Morphisec enhances Anti-Ransomware Suite to block evasive attacks across key blind spots

Morphisec announced an expansion of its Anti-Ransomware Assurance Suite, adding new capabilities that include Network Share Ransomware Protection for Windows and Linux, Identity Risk Visibility, and enhancements to its existing EDR Tampering Protection. These updates strengthen enterprise defenses against the growing volume of undetectable ransomware, identity based breaches, and EDR evasion tactics.

Morphisec’s latest innovations extend its prevention-first approach across critical blind spots: shared data resources, vulnerable identities and EDR visibility. These capabilities allow security leaders to eliminate risk before attackers can act, without adding complexity to their environments.

“These new capabilities further strengthen the Anti-Ransomware Assurance Suite by closing three major security gaps: stopping ransomware from encrypting network share data, hardening identity controls and preserving EDR visibility,” said Michael Gorelik, CTO at Morphisec. “Morphisec continues to lead the industry with proactive solutions that eliminate attacks before they execute, offering businesses operational resilience and true peace of mind against modern ransomware.”

Key capabilities

Network Share Ransomware Protection for Windows and Linux: Morphisec now extends ransomware prevention to shared network drives, where the impact of encryption is often most crippling.

• Shared data resources: Blocking encryption attempts on network drives from compromised endpoints to preserve access to business-critical files.
• Blast dadius: Preventing ransomware from spreading beyond the initial endpoint, limiting operational disruption and data loss.
• Coordinated intelligence: Decoys protect shared drives, while agents block encryption in real time at the point of origin.

“Network shares are the lifeblood of organizations and attackers know that encrypting them can halt operations in seconds,” said Tomer Hevlin, Vice President of Products at Morphisec. “We’re making sure ransomware never gets that opportunity.”

Identity Risk Visibility: This new feature helps businesses proactively identify and eliminate identity-based vulnerabilities, the leading initial access vector for ransomware attacks.

• Targeted account identification: Surfacing high-risk identities with excessive privileges, insecure configurations, or weak hygiene.
• Hardened defenses: Systematically fixing root causes to stop credential abuse and lateral movement before attacks begin.
• Zero trust strategies: Providing actionable intelligence to enforce least privilege, improve Active Directory hygiene, and enable secure identity maturity.

“Compromised credentials are behind most ransomware campaigns,” added Gorelik. “Identity Risk Visibility empowers businesses to eliminate those risks—before they’re ever exploited.”

EDR Tamper Protection Enhancements: Morphisec now shields Event Tracing for Windows (ETW), the visibility backbone of modern EDR systems, from tampering and evasion.

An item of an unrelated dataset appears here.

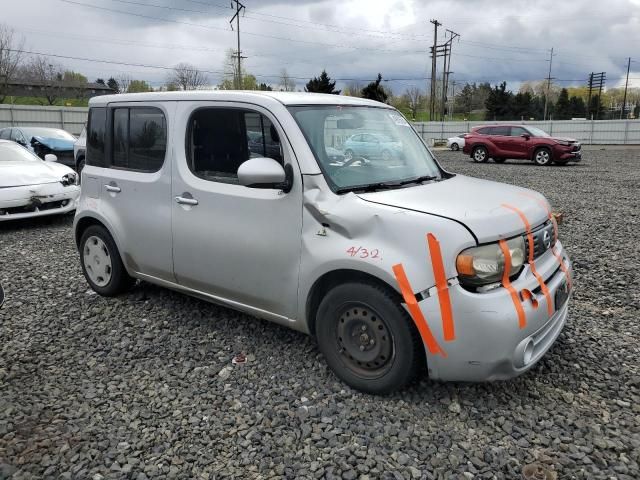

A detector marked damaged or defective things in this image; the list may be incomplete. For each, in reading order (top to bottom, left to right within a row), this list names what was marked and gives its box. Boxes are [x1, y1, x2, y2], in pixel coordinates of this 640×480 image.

crumpled hood [0, 161, 74, 188]
crumpled hood [358, 174, 548, 242]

• EDR resilience & efficacyenhancements: Morphisec proactively defends the integrity of existing EDR agents against advanced blinding and tampering techniques.
• Ensure uncompromised EDR visibility: Prevents adversaries from disabling monitoring sensors, guaranteeing that EDR systems maintain continuous threat detection capabilities.
• Maximize EDR reliability: Safeguards the critical telemetry streams that EDR solutions rely on to identify abnormal behaviors, ensuring accurate and trustworthy data.
• Deliver deterministic defense: Blocks evasion attempts instantly before they unfold, ensuring EDR tools remain active, effective, and unblinded during sophisticated attacks.

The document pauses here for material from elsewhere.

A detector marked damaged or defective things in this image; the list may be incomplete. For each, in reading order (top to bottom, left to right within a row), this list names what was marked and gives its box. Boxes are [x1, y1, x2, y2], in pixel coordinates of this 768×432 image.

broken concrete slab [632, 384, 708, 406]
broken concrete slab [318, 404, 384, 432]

“Organizations invest heavily in EDR, but evasion techniques have evolved,” said Hevlin. “We ensure those investments continue to deliver value—by keeping them operational and effective.”

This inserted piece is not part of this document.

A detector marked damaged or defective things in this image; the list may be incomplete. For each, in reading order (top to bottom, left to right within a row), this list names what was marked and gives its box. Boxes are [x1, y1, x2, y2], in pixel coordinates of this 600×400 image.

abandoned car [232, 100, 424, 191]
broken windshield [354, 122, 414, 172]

These new capabilities are now available to Morphisec customers through the broader Anti-Ransomware Assurance Suite, which delivers deterministic, prevention-first protection across endpoints, identities, cloud workloads, network shares, and Linux systems. By combining its Automated Moving Target Defense (AMTD) technology, deception-based prevention, and deterministic attack disruption, the platform eliminates ransomware and advanced threats before they execute—without reliance on detection, behavioral analysis, or manual tuning.